If the goal of this bill is to increase the accessibility of first aid training by means of incentives, we must therefore look at the question of who could be left out. The cost of undergoing training is prohibitive for many large families or lower-income Canadians, meaning that they may not have enough income to benefit from a non-refundable tax credit. This is problematic. All Canadians deserve access to first aid training and the incentives that would go with it.
I hope the committee studying Bill C-240 will be able to broaden the reach of the bill.
According to a 2012 lpsos Reid survey undertaken for the Canadian Red Cross, first aid training for 53% of the respondents had been arranged by their employers, in which case the employers likely financed the cost of the course. The sponsor of the bill acknowledged this fact in his speech to this House.
This initiative may also have the unintended consequence of subsidizing the corporate sector by inadvertently encouraging employers to abandon their existing first aid training programs. This may be a second potential drawback of Bill C-240. I would be keen to hear stakeholders speak to this if the bill makes it to committee.
The third concern I hope the committee will commit to study is costing.
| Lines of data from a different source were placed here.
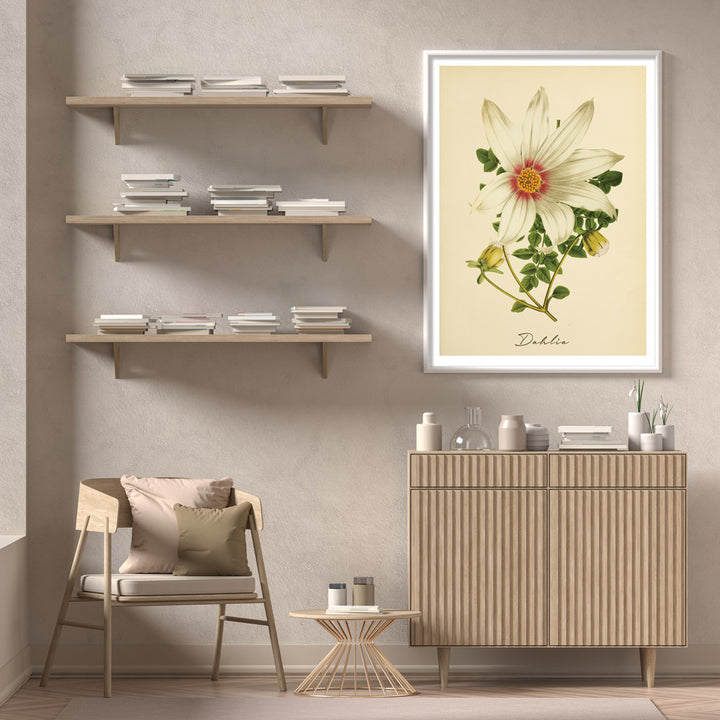 Dahlia - Amber Nook At You  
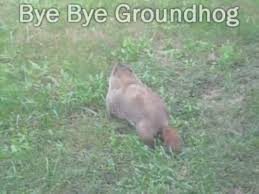 The most efficient method to keep wild animals out of your garden is, of course, with a fence. Groundhog Inside The Garden Upgrading Fence Ground Hog In Garden Youtube
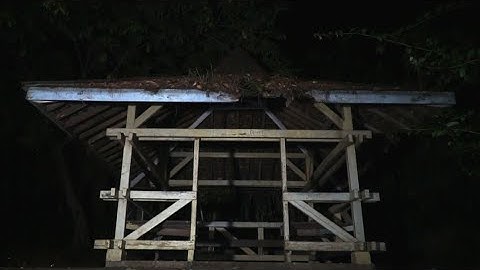 jurnalrisa #28 - PIKNIK MALAM DI KEBUN BINATANG (Special 500k Subscribers) Part 1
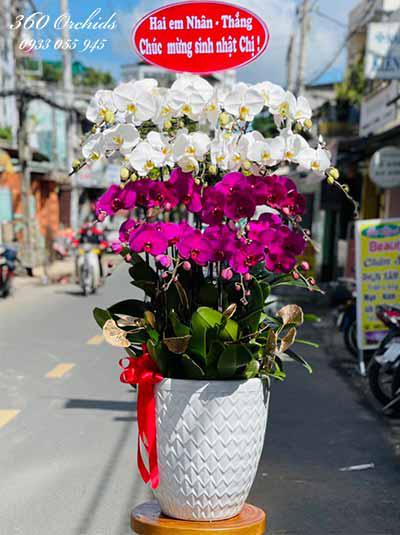 Chậu lan hồ điệp kết hợp - Tốt lành luôn đến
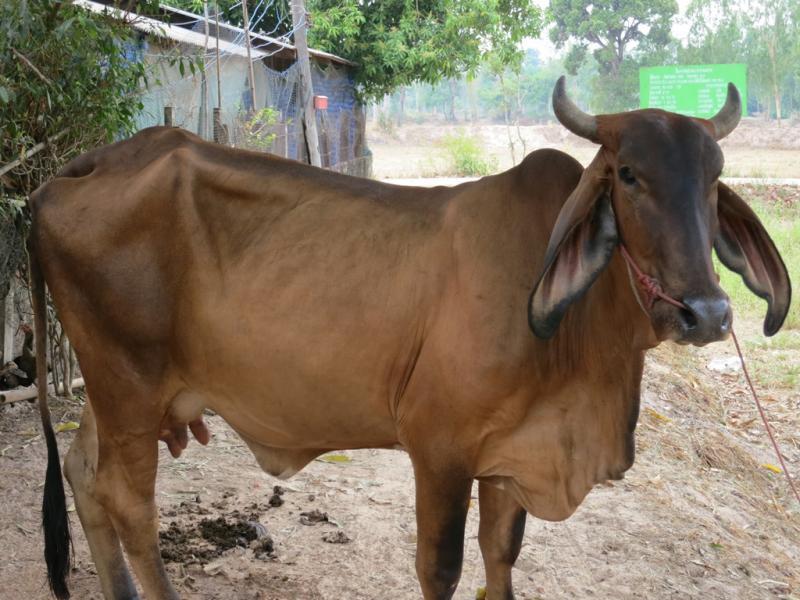 post-1136-0-32048800-1461054427_thumb.jp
Canadians have a right to know and as parliamentarians we have a responsibility to stay on top, and see how much this is going to cost.
I truly believe that all bills that amend the Income Tax Act should be properly and transparently costed for parliamentarians and the Canadian public. As of this moment, the Library of Parliament estimates there will be a potential cost of between $30 to $60 million a year. That is concerning for me.
I wish to highlight a possible omission in the bill. I regard first aid as help given to a person until treatment is available. The bill, as drafted, supports a limited vision of first aid: standard first aid, mariners first aid, CPR, etc., but what about mental health first aid? MHFA is excluded. I hope the sponsor of the bill will be able to explain this.
One in three Canadians will experience a mental health problem at some point in their life. Just as physical first aid is administered, MHFA is given until appropriate treatment is found or the crisis is resolved.
Whether we are talking about the skills taught by the Mental Health Commission of Canada, or different distress centres across Canada relying on applied suicide intervention skills training, let us not forget that these workshops do save lives.
In rural and remote communities like the ones that I serve, having people with all types of training in first aid is significant. The need to support people during times of distress, whether it be mental health issues or physical health issues, is key in the regions where the help that is required may take some time to access. Many service organizations in my riding work hard to provide these supports and benefit from MHFA training.
I would like to finish by commenting on the reasoning given by the member for Cambridge for tabling his bill. In his speech he talked about the approaching demographic shift, and the associated challenges with an aging population.
Emergency preparedness is indeed a crucial element to this, and I commend the member. Having performed numerous consultations in my riding, specifically, on seniors issues, I can share with full confidence that what is needed and what seniors want is home care.
The 2016 federal budget does not include any additional provisions for home care or palliative care, even after the Liberals promised $3 billion for home care during the campaign. It is time for the Liberal government to act.